Вопрос в литературе существовал всегда, и большая литература тогда и была большой, когда решала его безошибочно — не только с Анной Карениной, заслужившей, скажем жестоко, смерть под колесами, или князем Андреем, исчерпавшим свою жизнь в романе («он слишком хорош, он не может, не может жить» — решает Наташа), но и с Петей Ростовым, не исчерпавшим и не заслужившим.Друзья мои, вам жаль поэта

... Вяземский заметил на эту строчку автору, что «вовсе не жаль», потому что автор сам его вывел насмешливо — «романтической карикатурой», — и Пушкин смеялся, будто бы соглашаясь16. Однако поставил эту смерть в центр романа, обусловив ею судьбы оставшихся жить героев и усилив ее,размножив
в тексте, где младой певец умирает еще прежде смерти, и также от руки Онегина (от его ножа) в сне Татьяны, и дважды совсем по-разному в двух разноречащих гипотетиче­ских вариантах, пошлом и героическом, несостоявшейся жизни. «Ленский как бы убит один раз предварительно, другой — по-настоящему и еще раз умирает посмертно»17. Кажется, должен быть интересен такой анализ и Битову-пушкинисту, и Битову-романисту, размышляющему в «Ахиллесе и черепахе» об «авторском произволе над распростертым, бездыханным телом» героя.

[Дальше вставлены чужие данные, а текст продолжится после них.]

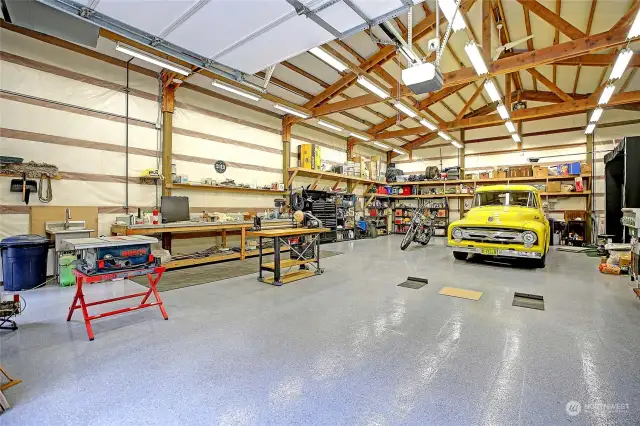 Epoxy floor, excellent lighting, ventilation, and piped for an air compressor.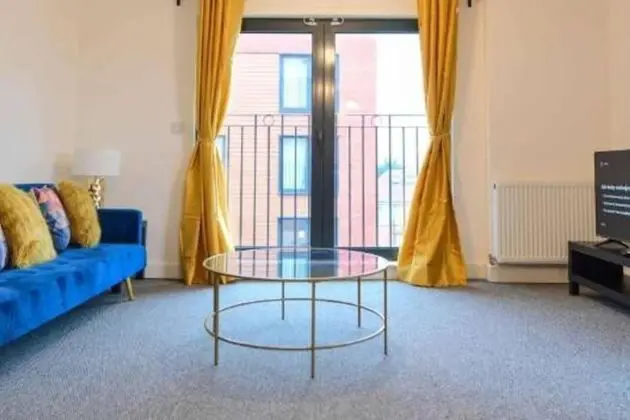 Livestay - Modern Spacious 2 Bed 2 Bath Apartment - Oda Düzeni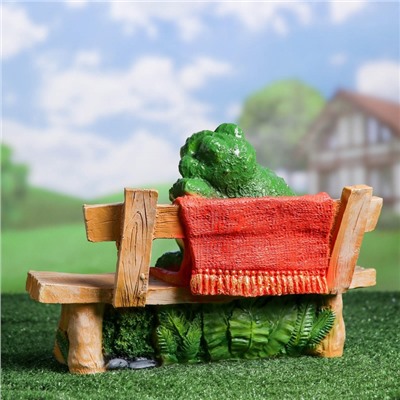Садовая фигура из полистоуна «Лягушка сидит на лавочке», 27×38 см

Пушкинский произвол над подобным телом оказался весьма убедителен как поэтическое решение, что особенно обнаружилось при скорой гибели самого поэта-автора, когда следующий поэт отпел его, как Пушкин поэта-Ленского, —

Как тот певец, неведомый, но милый... Столь убедительной смерти героя нашему современному автору — лишь позавидовать.
Смерть — целое число!— как сказано в одном из стихотворений Андрея Битова, а целых чисел в дробном мире автора недостача.